O mundo interior, agora reeditado, sendo testemunho vivo de uma reflexão filosófica capacitada e cônscia, não é produto de uma problemática pessoal. O próprio Barreto Filho tocou num dos pontos fundamentais quando escreveu que «através da Psicologia concebida como ciência do espírito, o que se visa aqui é diretamente o problema ontológico: procede-se à pesquisa, ao modo kantiano, do estofo interno do real, penetrando as aparências da fenomenalidade».

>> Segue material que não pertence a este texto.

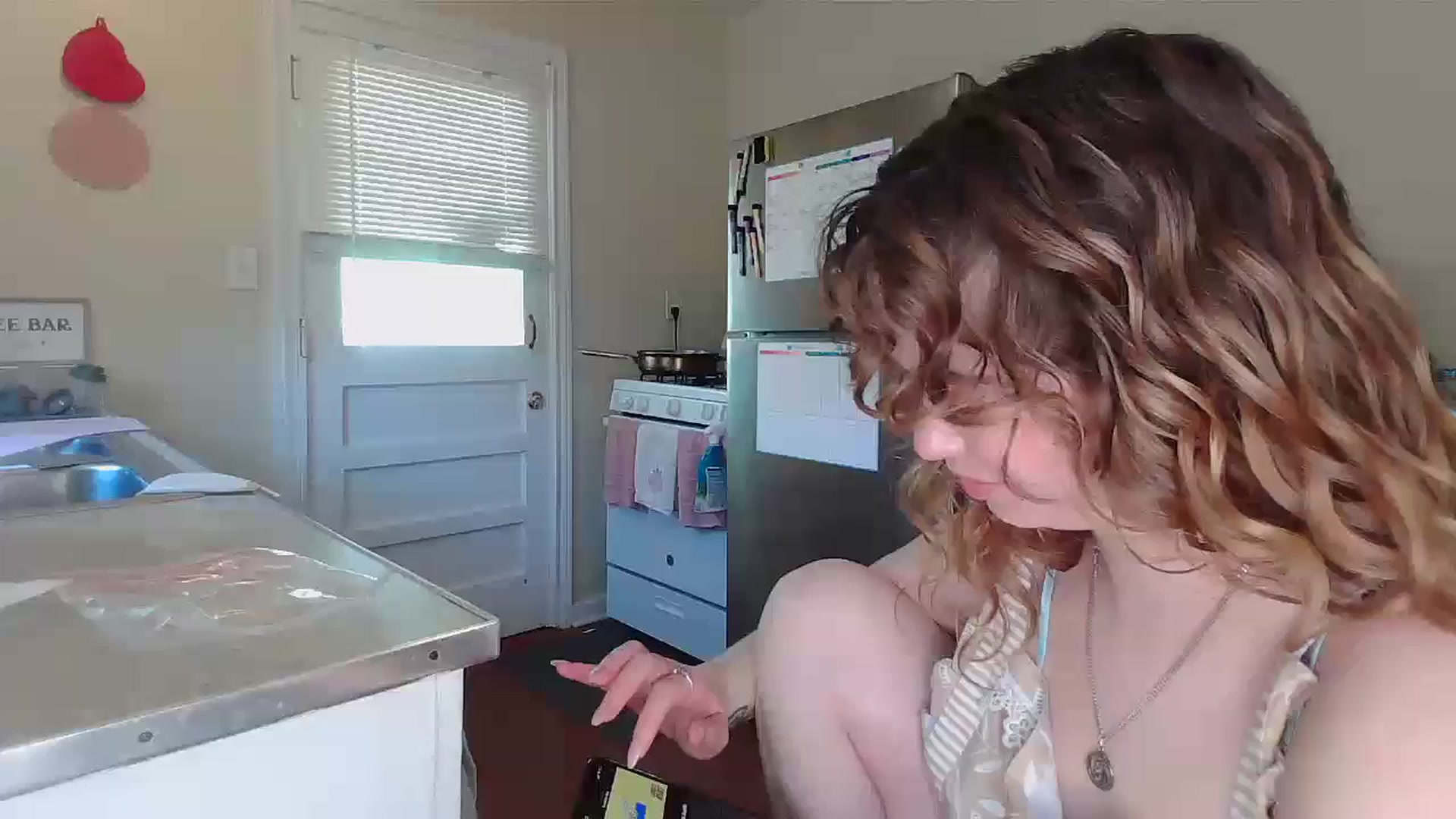 Gallery image thumbnail from Honeyandroses's myfreecams stream on, 06/24/2024, 21:58 image 4 of 20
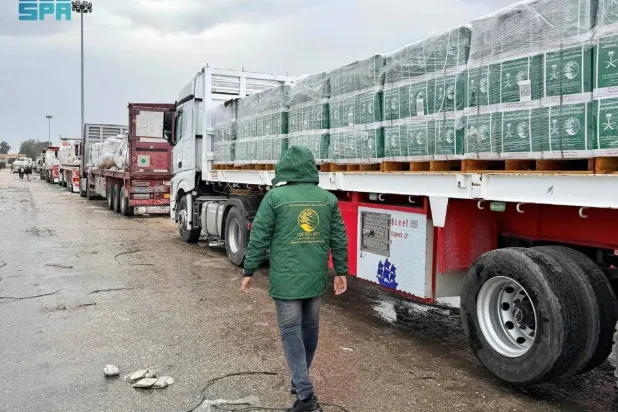 The shipment includes a large quantity of food baskets and tents. SPA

Sem tocar, ao de leve que seja, na indagação das fontes, nas quais, aliás, se tem de incluir a influência dos juízos de Desiré Nolen, principalmente acerca do idealismo alemão post-kantiano, em La critique de Kant et la métaphysique de Leibniz. Histoire et théorie de leurs rapports (Paris, 1875), nem por isso deixa de ser transparente que O mundo interior caminha por sulcos abertos pela filosofia kantiana e continuados por Schopenhauer , principalmente no livro II, que constitui quase todo o volume: «Questão fundamental: "a coisa em si" e os fenómenos». O próprio problema capital deste livro não se compreende fora do kantismo: se o ser do sujeito é independente do ser do objeto, se o Homem é puro sujeito e o Universo um sistema de relações independentes do sujeito mas que ele pensa, compreende-se que somente a razão prática possa superar a dualidade impenetrável do mundo inteligível. É o que transparece do período final de O mundo Interior: «... Na filosofia, quer esta seja considerada em seu sentido restrito, como ciência do espírito, quer em seu sentido mais amplo, como solução ou tentativa de solução do problema da universal existência, — de toda a forma, a verdade fundamental, a verdade que é o centro de todo o trabalho do espírito e o princípio mesmo do método, é ainda e será talvez sempre a que se encerra no velho preceito socrático: Conhece-te a ti mesmo».

Estas observações não diminuem o mérito de Farias Brito, cuja obra, como escreve justamente Barreto Filho, «é um inestimável depósito de ideias, que deverá ser posto em rendimento», nem corrigem o ilustre prefaciador da nova edição de O mundo interior. Somente servem de justificação ao nosso desejo de ver prosseguir em ritmo acelerado o empreendimento do Instituto Nacional do Livro e o nosso anelo de uma edição integral dos escritos de Farias Brito. O pensador cearense merece esta consagração e a história das ideias no Brasil só tem a lucrar com ela.